This example is a 4-dimensional geometric brownian motion. The code
for the torchsde version is pulled directly from the
torchsde README
so that it would be a fair comparison against the author's own code.
The only change to that example is the addition of a dt
choice so that
the simulation method and time step matches between the two different programs.
The SDE is solved 100 times. The summary of the results is as follows:
- torchsde: 1.87 seconds
- DifferentialEquations.jl: 0.00115 seconds
This demonstrates a 1,600x performance difference in favor of Julia on the Python library's README example. Further testing against torchsde was not able to be completed because of these performance issues.
We note that the performance difference in the context of neural SDEs is likely smaller due to the ability to time spent in matrix multiplication kernels.
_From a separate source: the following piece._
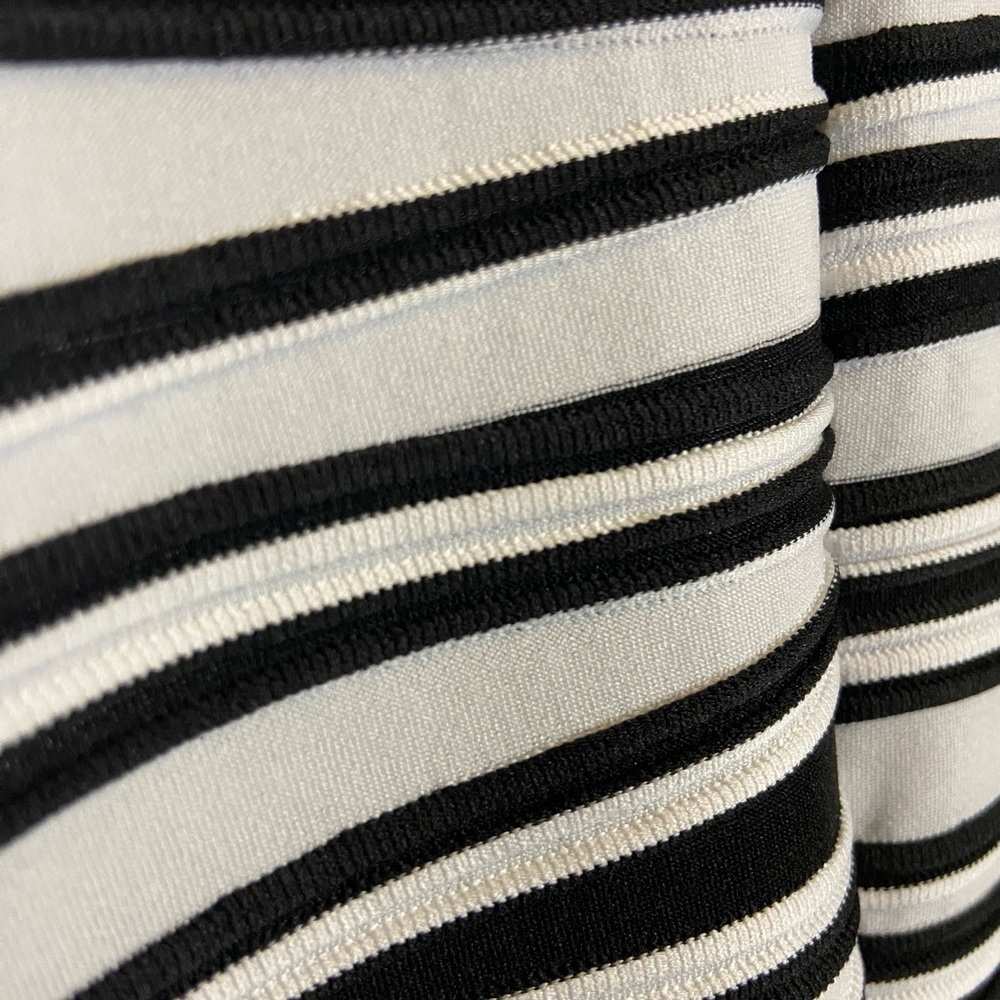 NWT R&M Richards Sleeveless Scoop Neck Black & White Ribbed Cocktail Dress: BB74 - Picture 11 of 15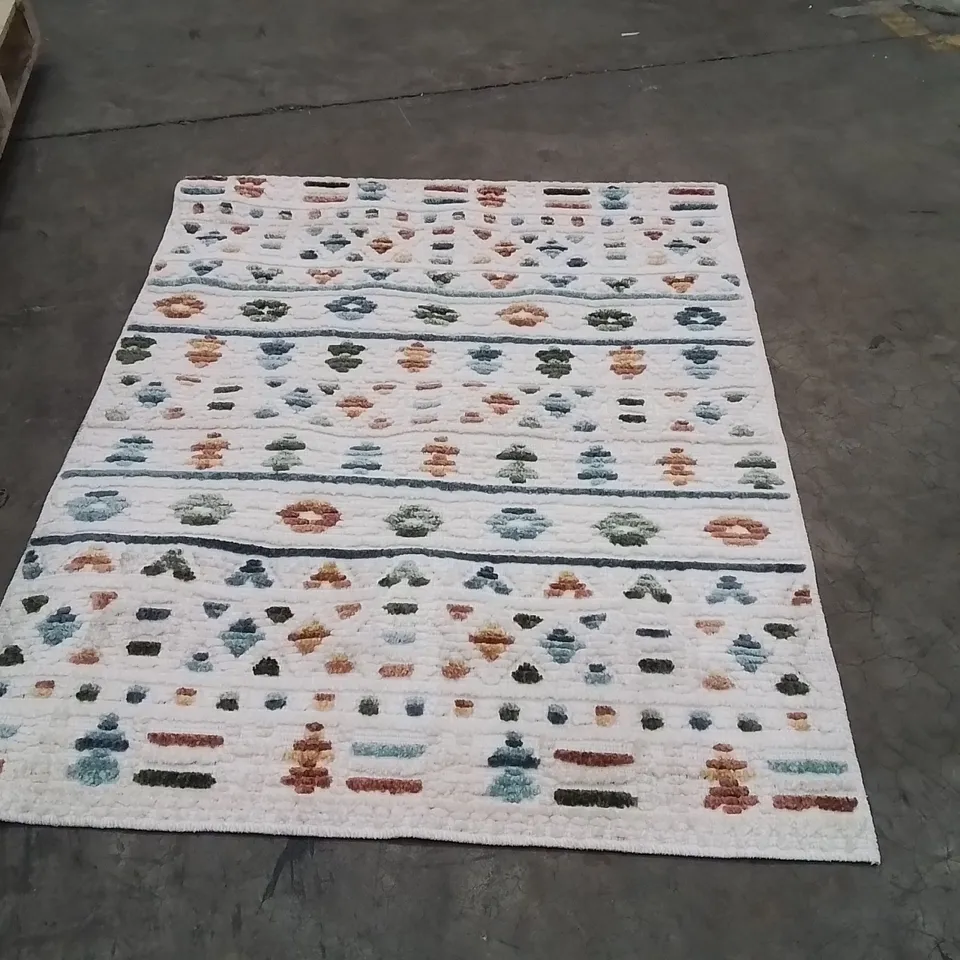 QUALITY DESIGNER AREA RUG - APPROXIMATELY 170X120CM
However, given that full SDE training examples like demonstrated here generally take about a minute, we still highly expect a major performance difference but currently do not have the compute time to run a full demonstration.
Thanks! I updated the timing: it was closer to 2 seconds on my machine. Nicely done.
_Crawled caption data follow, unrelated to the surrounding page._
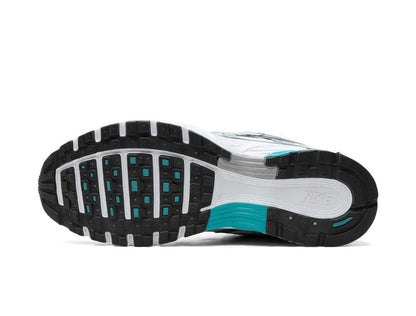 NIKE P6000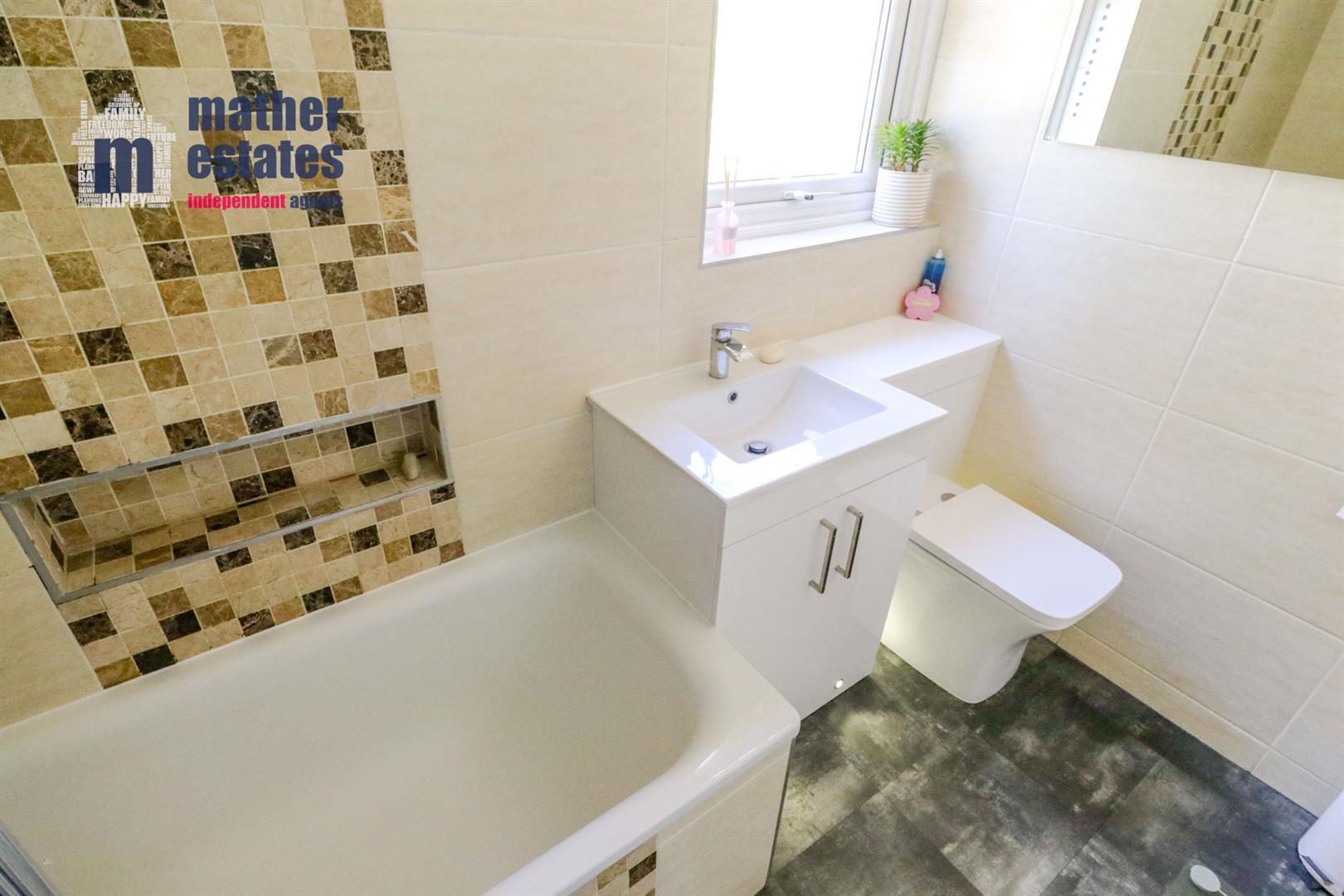 Property Image 28d80a24-d16a-4cd8-99ed-9a789531ff24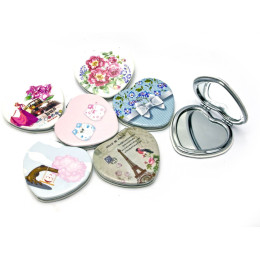 Mirror cosmetic heart 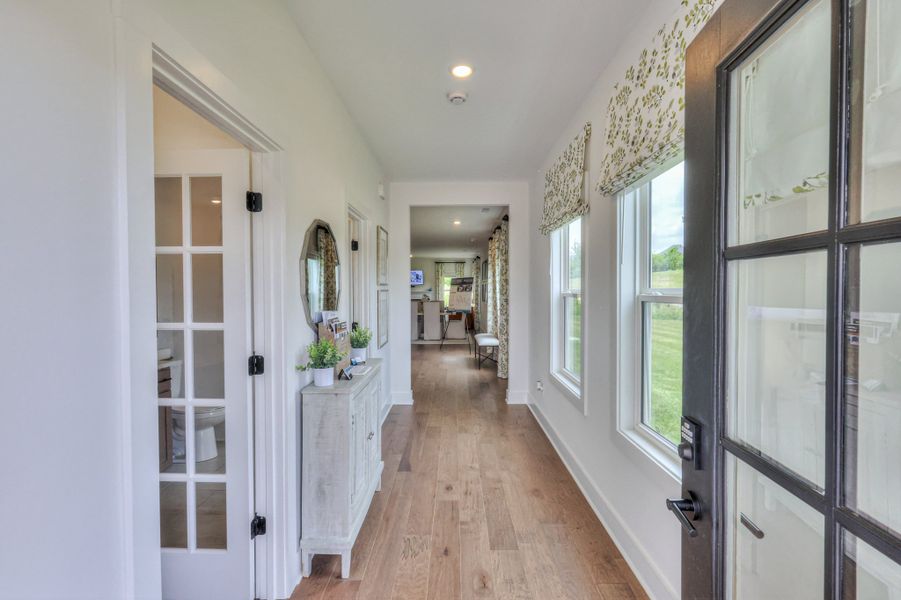 *Furnished model home example. Selections & finishes may vary. *Furnished model home example. Selections & finishes may vary.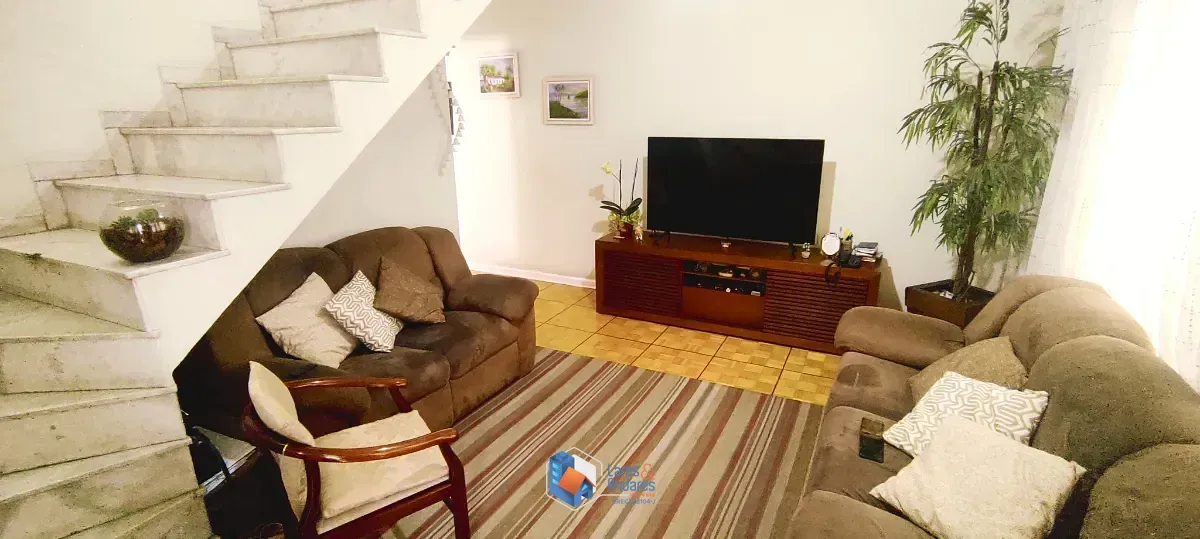 Imagem Sobrado para venda em Lauzane Paulista com 2 quartos, 216m²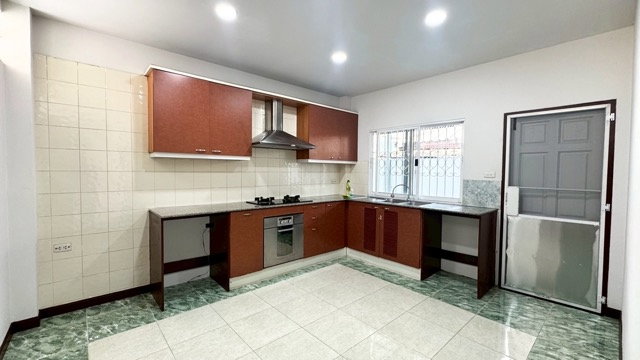 รูป MHR82 บ้านสวยทิศใต้ ลมดีไม่ร้อน! เคหะนคร 3 แต่งครบ Built-in ทั้งหลัง 4 นอน 3 น้ำ ใกล้เตรียมพัฒน์และทางด่วน - รูปที่ 7/14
I would be cautious with saying only your application are real: there are probably orders of magnitude more people doing mathematical finance, model-informed drug development, and systems biology with SDEs than training neural SDEs for image processing (at least right now), and those disciplines naturally arrive at more heterogeneous models that cannot always be expressed in matmuls. So that statement that the only real SDEs are dominated by matmuls is probably more inflammatory than you mean it to be, so I'd tone it down a bit.
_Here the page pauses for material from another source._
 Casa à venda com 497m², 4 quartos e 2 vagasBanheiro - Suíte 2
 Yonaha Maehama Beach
That of course doesn't contradict the fact that as
f
org
grows in cost, like in a neural SDE, the cost of the other pieces are covered by the matmuls and so you can just count drift and diffusion calls to estimate the total cost: that is asymptotically true. I don't think it's an issue to point out that this can be an issue for someone just trying to pick up torchsde as a general-purpose SDE solver, even though it is outside of the realm you generally focus on. I did this little bit of benchmarking because some particle physicists were curious how it would benchmark on 3 complex SDE systems (so 6 real SDEs), meaning that this benchmark is quite close to their use case and is a notable result. That said, the fact that torchsde does not store the noise for the reverse pass of an adjoint does mean that if the noise is sufficiently large enough to not fit in memory (and bigger issue for GPU memory), then there are cases where torchsde will be faster. It's not incompatible statements to say different algorithms are optimized for different performance regimes.That said, I will note that the current results are being nice to torchsde by not fully specializing on this domain. It is known that the noise format used in StochasticDiffEq is ~5x from optimal on fixed time step problems, so I could accelerate these benchmarks more by dispatching over to another implementation which is only for fixed time step (https://diffeq.sciml.ai/stable/solvers/sde_solve/#BridgeDiffEq.jl-1), but that felt unnecessary to benchmark because the case I wanted to get to was adaptivity anyways (though for small enough equations I think the difference is clear enough). That just goes to showcase though that it's not about single implementations but optimizing a whole range of implementations to different performance regimes under different assumptions.
What to do about torchsde on these CPU-only jobs? I'm not sure: the torch JIT doesn't seem to do very well on this regime at all. I'd take the IR and write my own SLP vectorizer on it.